A financial instrument created in 1960, it allowed small investors to invest in commercial property via dedicated funds. It meant commercial property funds could pour billions into the shopping centres and out-of-town retail parks needed for big, efficient shopping. And it also meant they could extract billions more in rent from retailers.

Like all booms, the people involved convinced themselves it would go on forever, but of course it hasn’t. In January this year, figures from the British Retail Consortium and Springboard reported 10 per cent of all retail spaces in the UK were vacant and as long as retailers like Arcadia Group keep faltering this isn’t likely to improve.

Soon we might look back at the long property boom that turned shops into futuristic spaces in the same way that we do the opulent picture palaces of the 1920s and ‘30s. Their owners saw extravagance and scale as a way to make serious amounts of money, and then learned how expensive these spaces are to run when people start going elsewhere.

But where are they going? The internet, or maybe they’re not shopping at all. Whether it’s because of falling wages, fears over sustainability or people just feeling like they have too much stuff, the future of British retail looks smaller, more service-led and less reliant on shops.
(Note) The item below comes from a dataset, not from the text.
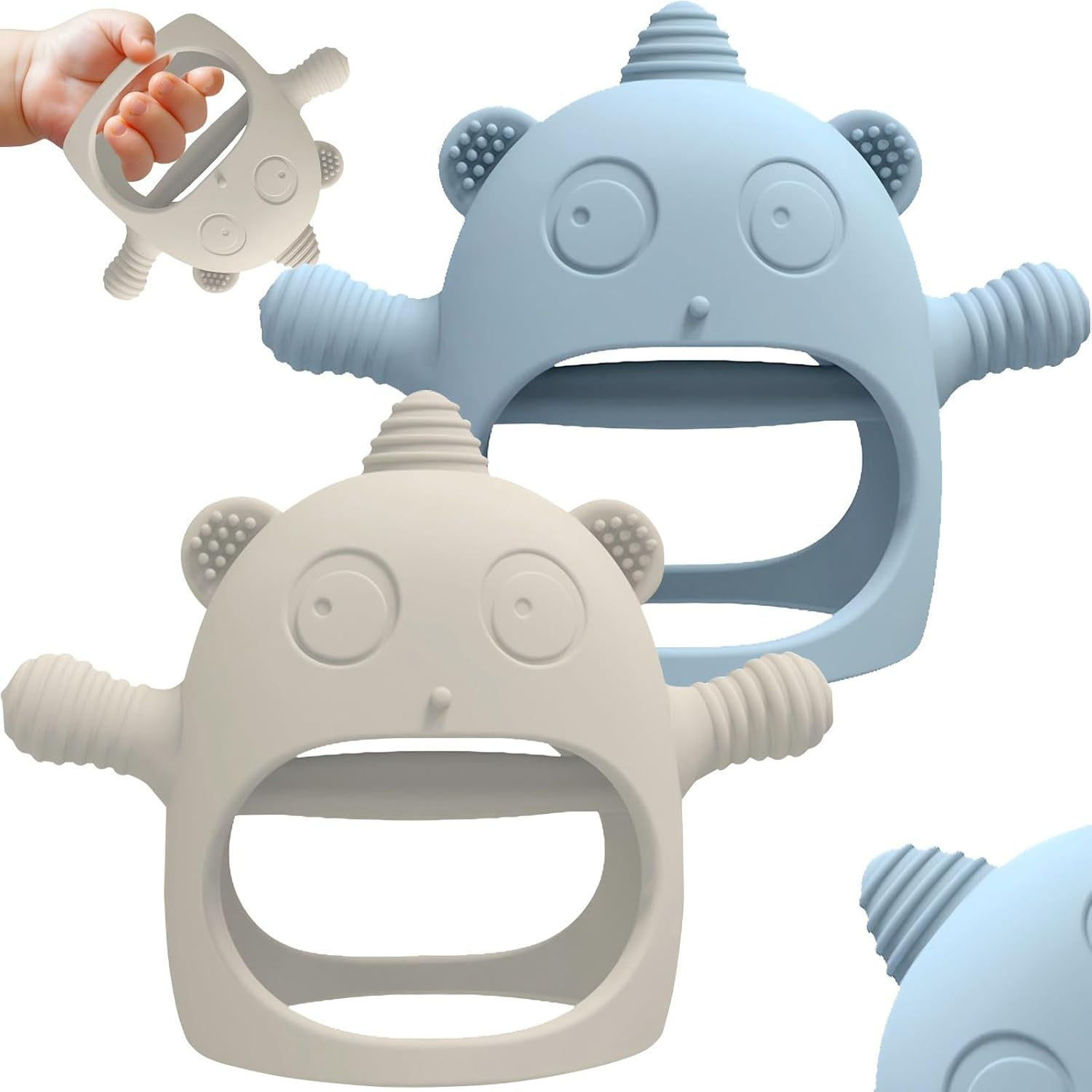 2 Pack Baby Teething Toy for 6-24 Months, Food Grade Silicone Unicorn Teething Mitten, BPA Free, Baby Chew Toys for Sucking Needs, Soothing Teething Pain Relief (Unicorn Beige & Gray Blue) image number 1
We’ve come full circle on a trend that began in the 19th century, when shopping stopped being about the goods and started being about shops. Businesses like Hello Fresh or Farmdrop might feel like decadent nonsense to a generation used to doing a weekly shop in Asda, but another way of looking at them is a reversion to a time when shopping was what you bought not where you went. I’m sure my gran would have been scandalised by “recipe box” company Hello Fresh’s prices, but she’d also have understood the principle.